Let us clear the table and get at the meat of this project: the dendrogram. I picked a multitude of books from authors living and writing during the mid 1800s to the early 1900s. I chose five books from Mark Twain: The Adventures of Huckleberry Finn, The Adventures of Tom Sawyer, The Innocents Abroad, Roughing It, and The Tragedy of Pudd’nhead Wilson. I chose two books from Alexandre Dumas: The Three Musketeers and The Count of Monte Cristo. The other three books were all from different authors: Kate Chopin’s The Awakening and Selected Short Fiction, Herman Melville’s Moby Dick, and Nathanial Hawthorne’s The Scarlet Letter. I chose the Dumas books to see if they would match (out of pure curiosity). I am a huge fan of Mark Twain, so I couldn’t help picking more of his books; and the chance to see if the man with the finest ear for regional dialects written, having a wide variance within a dendrogram was too good to pass up. Kate Chopin’s book had a similar dialectal pattern so I wanted to see where she fell when compared to Mark Twain. Melville and Hawthorne were great friends at one point and did what amounted to modern-day workshops on their writings, so I was again curious to see if they would be similar in word usage, even though Moby Dick is ten times the length of The Scarlet Letter.

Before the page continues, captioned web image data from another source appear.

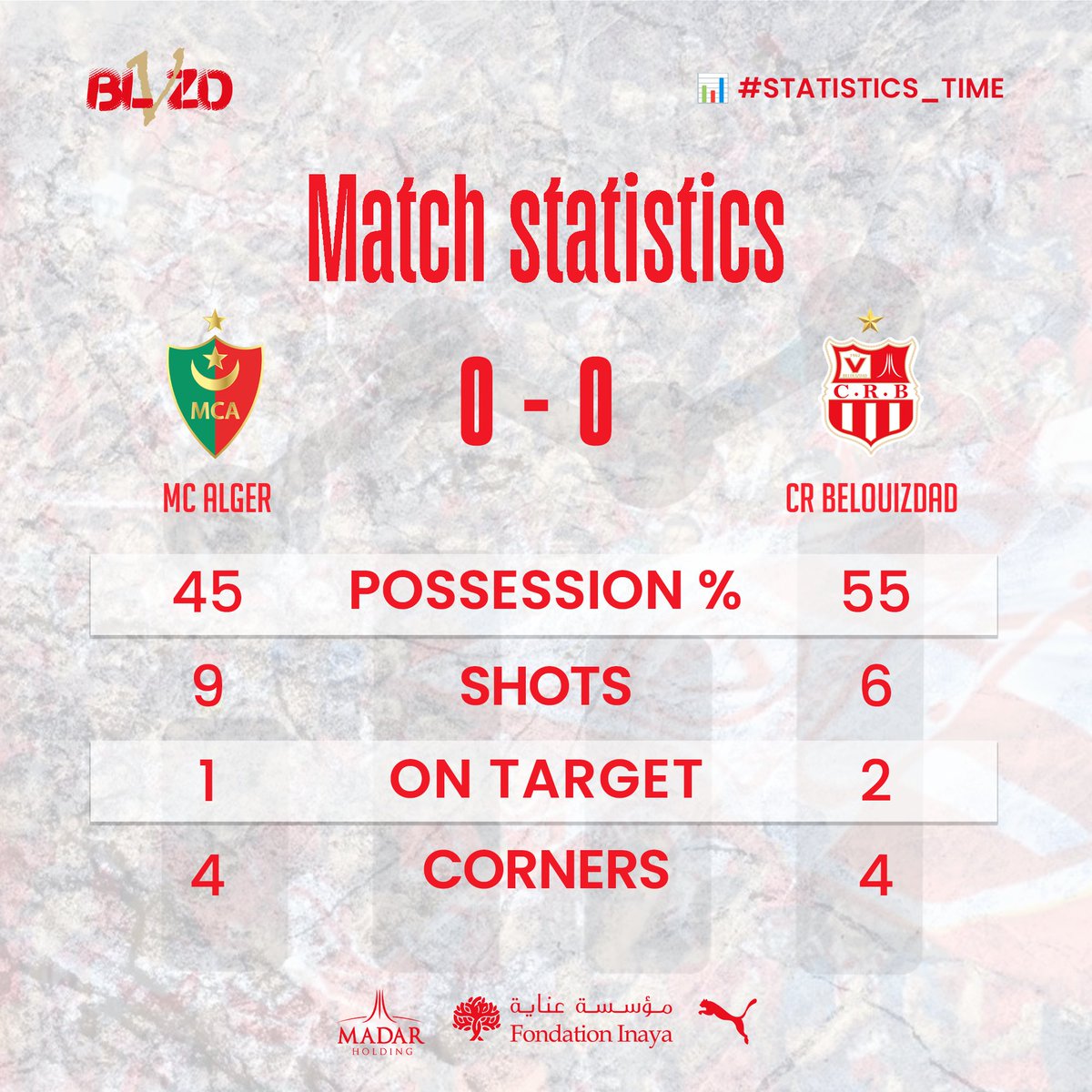 Crbelouizdadoff's tweet photo. #Statistics_Time π
#MatchStatistics β‘οΈ
π©π₯ MCA 0 - 0 οΈCRB π₯β¬οΈ
#Ψ―ΩΩΩ
Ψ§_Ψ§ΩΩΩΨ―ΩΩΨ§Ω
π₯β¬οΈ
#πππππ | #πππππ | π΄βͺοΈ | π
https://t.co/TAw5CALyez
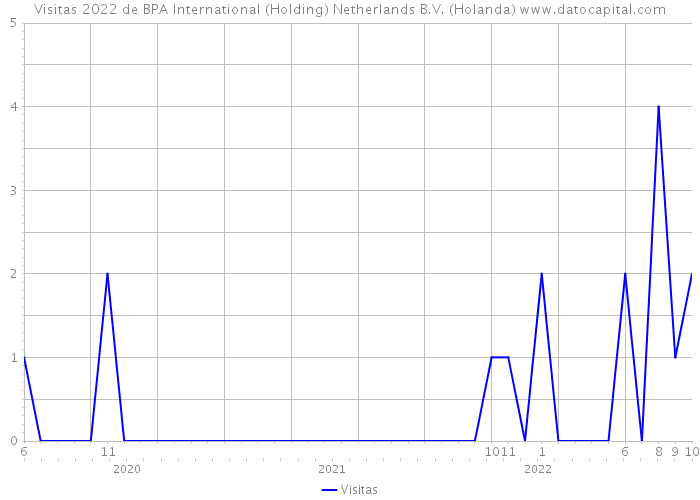 Visitas 2022 de BPA International (Holding) Netherlands B.V. (Holanda) 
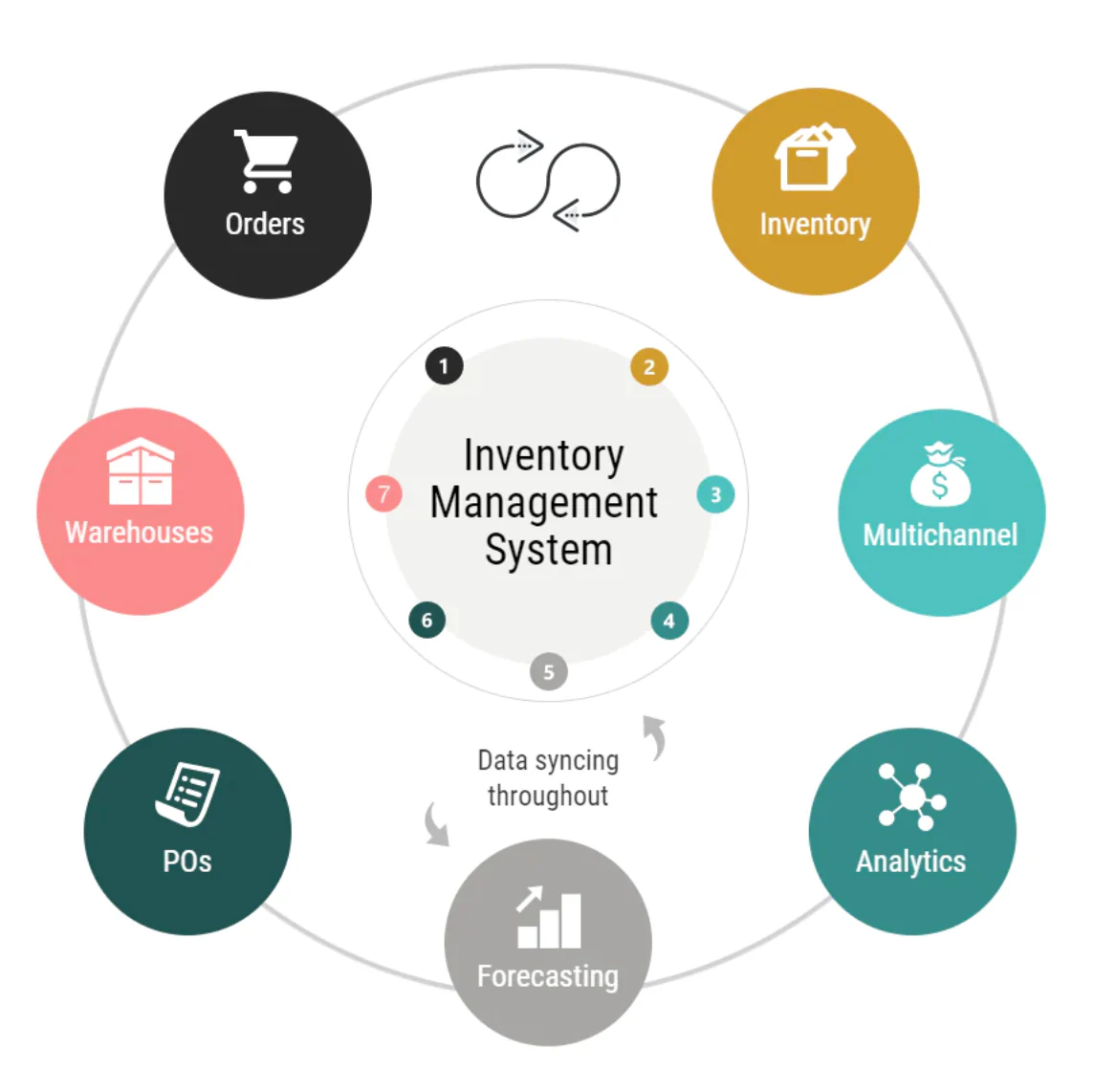 Best Inventory Management Software for Small and Medium businesses Stock Control in Phoenix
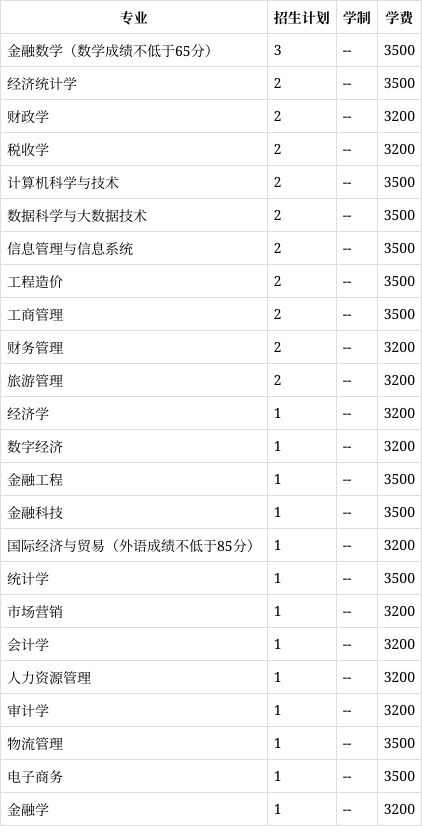 新疆财经大学几本大学(新疆财经大学是不是985211)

I won’t go into the how-to of getting a dendrogram. But I think it is at least note worthy to talk about the results. I’ll abbreviate the titles to make this brief. Huck Finn and Awakening are simplicifolious (out there on their own) just as I thought they would be. Dumas is by himself and Twain’s Puddn’Head and Tom Sawyer are set for a clade of Mississippi River dialect. Twain’s other two novels were written mainly in his voice and it makes sense that they form their own clade as well. I am surprised and delighted to see Moby Dick and The Scarlet Letter in their own clade as well, maybe not proving I was right, but it gives me a warm and fuzzy feeling that two friends at least paired up in this dendrogram. This was a fun experiment that immediately showed a usefulness that would lead to some fruitful research later on down the road. I have attached a picture of this amazing dendrogram (clicking on the picture enlarges to show a much better view). For me, this shows how much fun there can be had, while still advancing academia, even if it is a slow and careful descent into the Lexomic waters.